Problem to solve:
A faithful copy is needed of the lines below from the one with "Home plants in" up to and including the one with "African Wild Cat"; set it down with no pictures and no other lines.

Records shown:
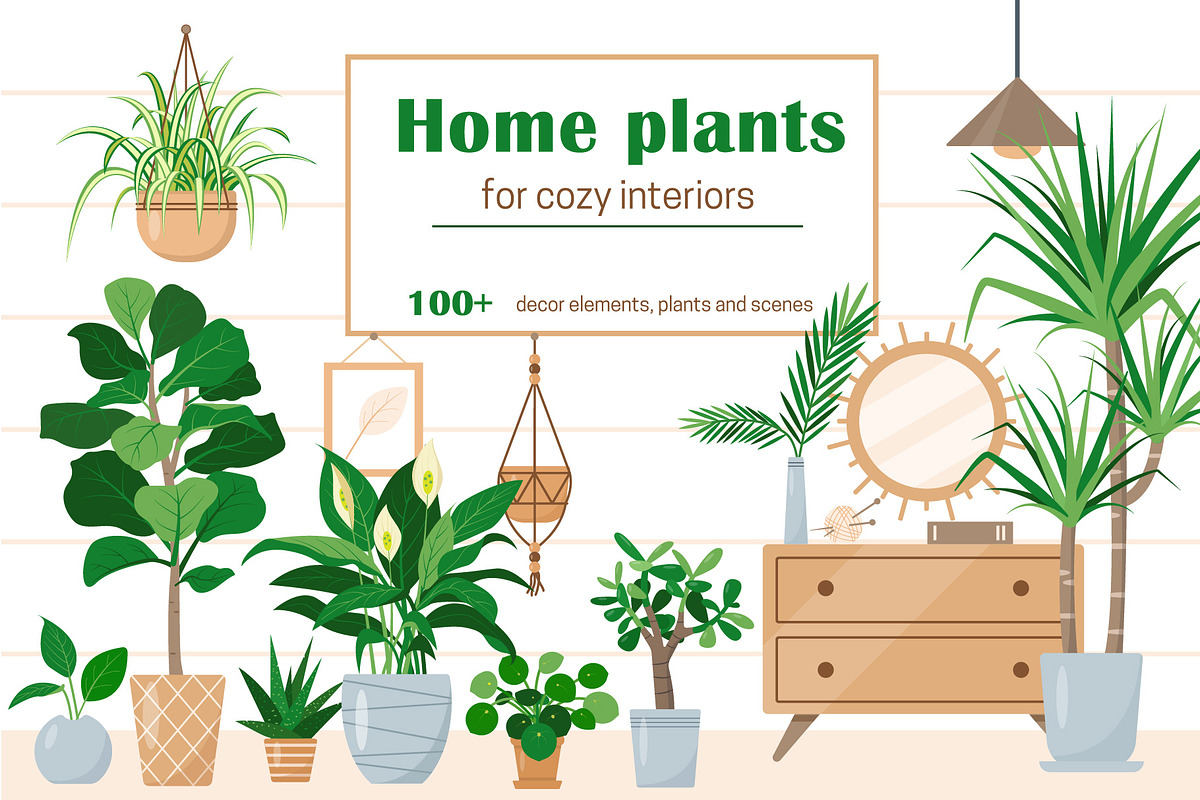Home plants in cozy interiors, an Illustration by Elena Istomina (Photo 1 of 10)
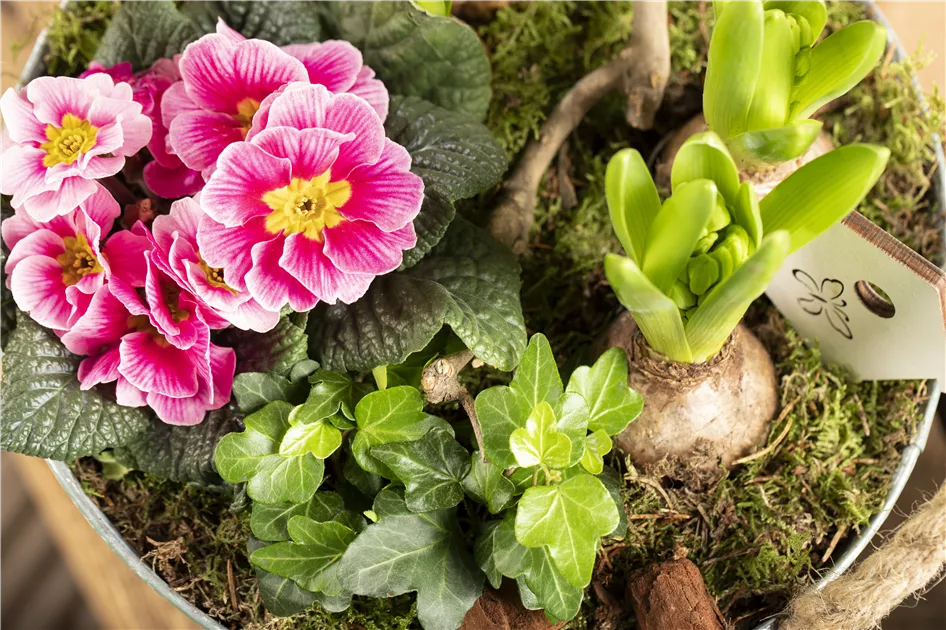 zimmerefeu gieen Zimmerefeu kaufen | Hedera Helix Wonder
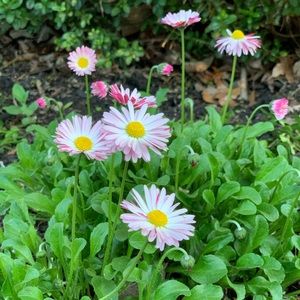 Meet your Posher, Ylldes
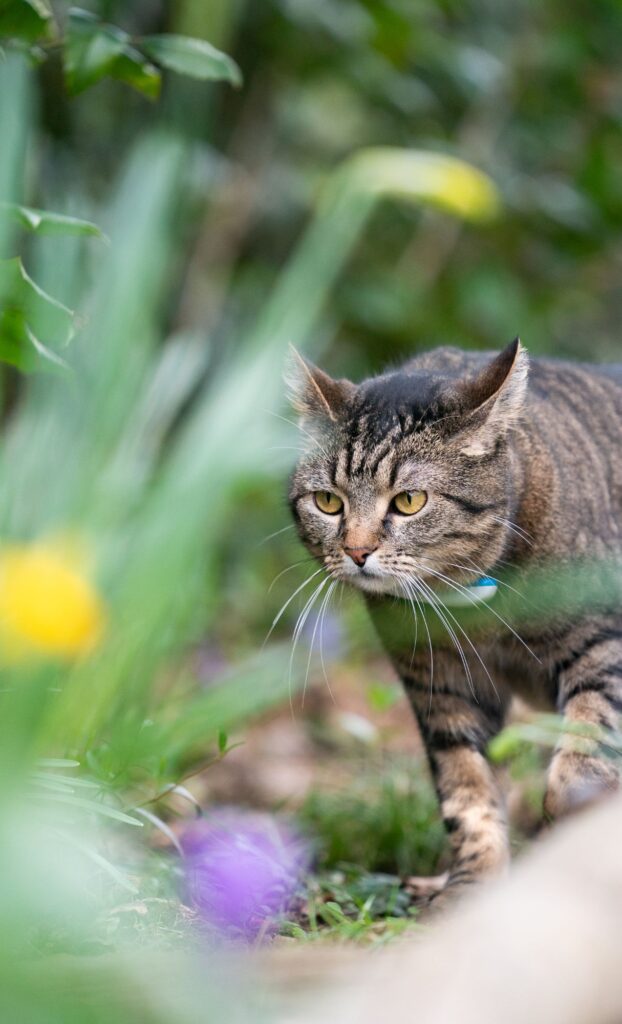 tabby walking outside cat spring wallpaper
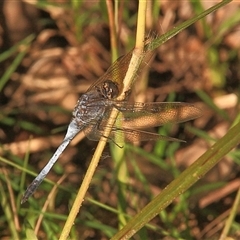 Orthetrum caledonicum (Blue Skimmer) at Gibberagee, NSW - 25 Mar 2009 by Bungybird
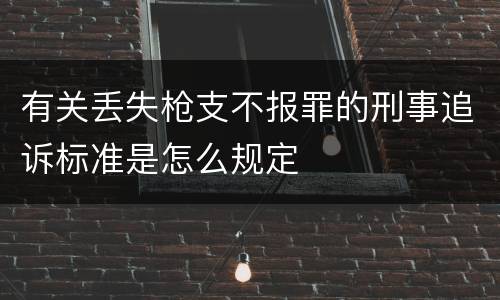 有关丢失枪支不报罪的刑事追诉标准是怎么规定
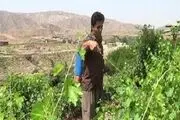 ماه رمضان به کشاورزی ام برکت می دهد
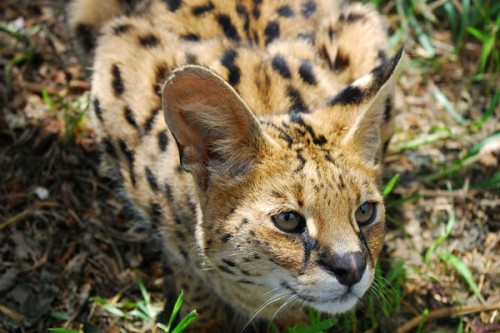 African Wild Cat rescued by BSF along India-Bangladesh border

* * *

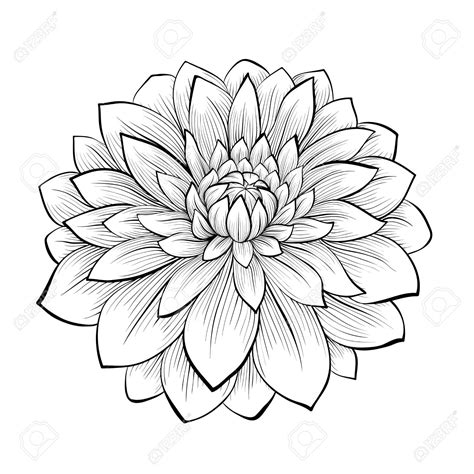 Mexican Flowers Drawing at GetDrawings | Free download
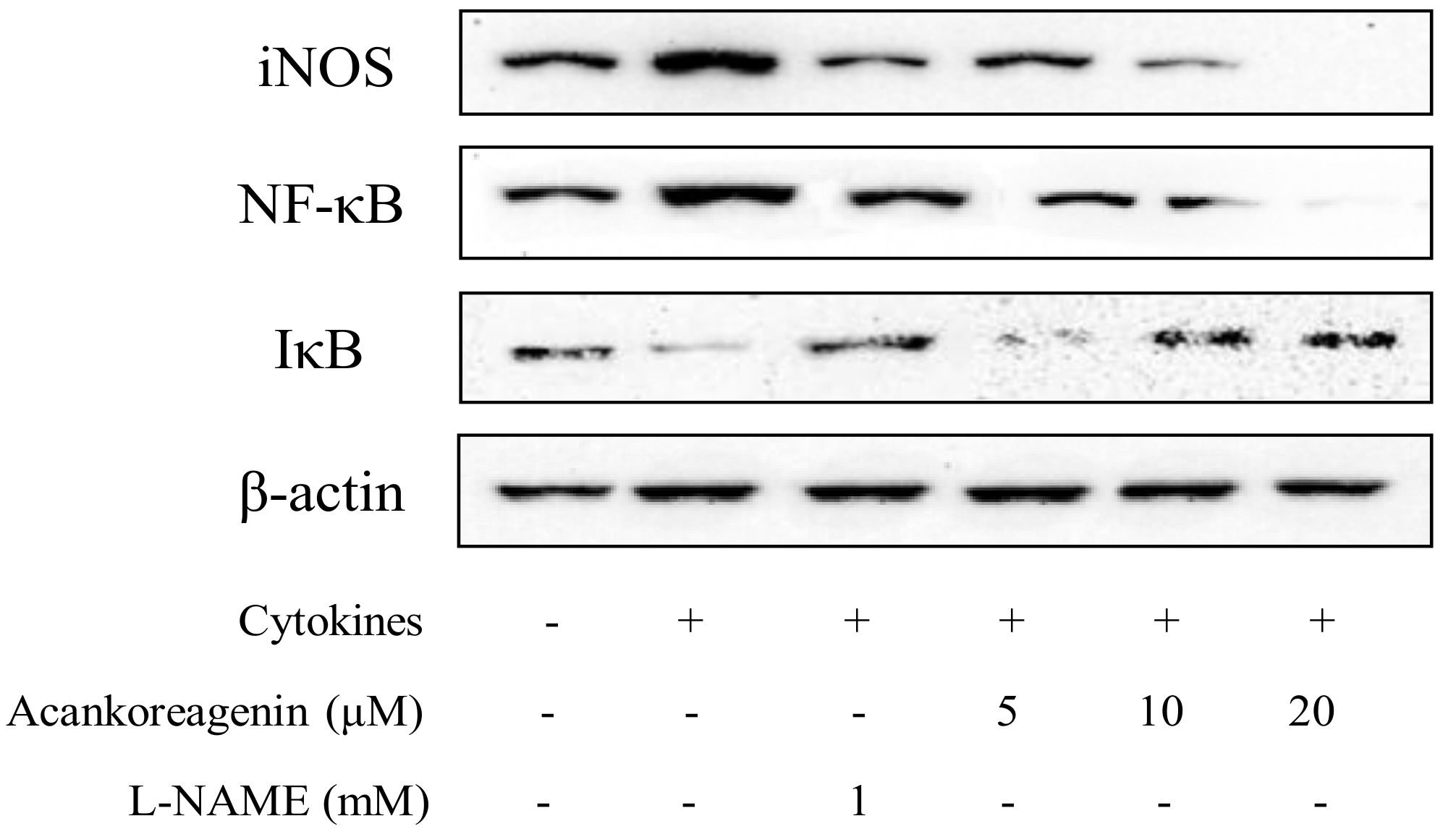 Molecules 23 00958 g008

...

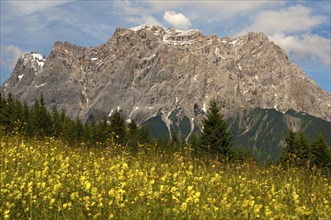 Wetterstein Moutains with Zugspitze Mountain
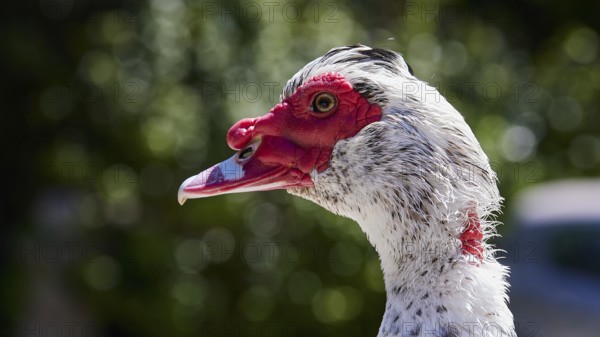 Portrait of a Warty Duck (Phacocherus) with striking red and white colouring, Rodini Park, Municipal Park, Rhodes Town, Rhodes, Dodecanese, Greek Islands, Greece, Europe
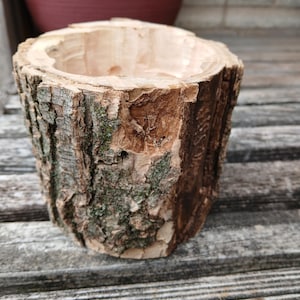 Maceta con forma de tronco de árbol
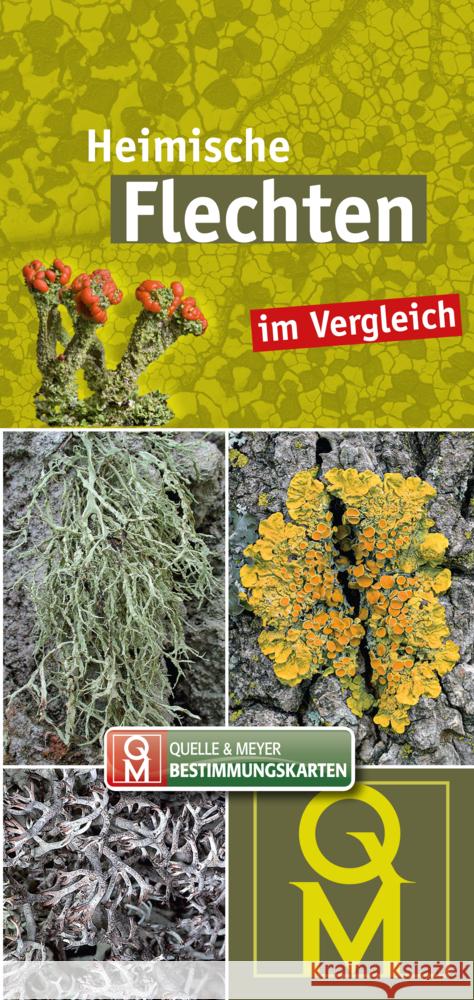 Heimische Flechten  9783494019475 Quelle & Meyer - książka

Task response:
Home plants in cozy interiors, an Illustration by Elena Istomina (Photo 1 of 10)
 zimmerefeu gieen Zimmerefeu kaufen | Hedera Helix Wonder
 Meet your Posher, Ylldes
 tabby walking outside cat spring wallpaper
 Orthetrum caledonicum (Blue Skimmer) at Gibberagee, NSW - 25 Mar 2009 by Bungybird
 有关丢失枪支不报罪的刑事追诉标准是怎么规定
 ماه رمضان به کشاورزی ام برکت می دهد
 African Wild Cat rescued by BSF along India-Bangladesh border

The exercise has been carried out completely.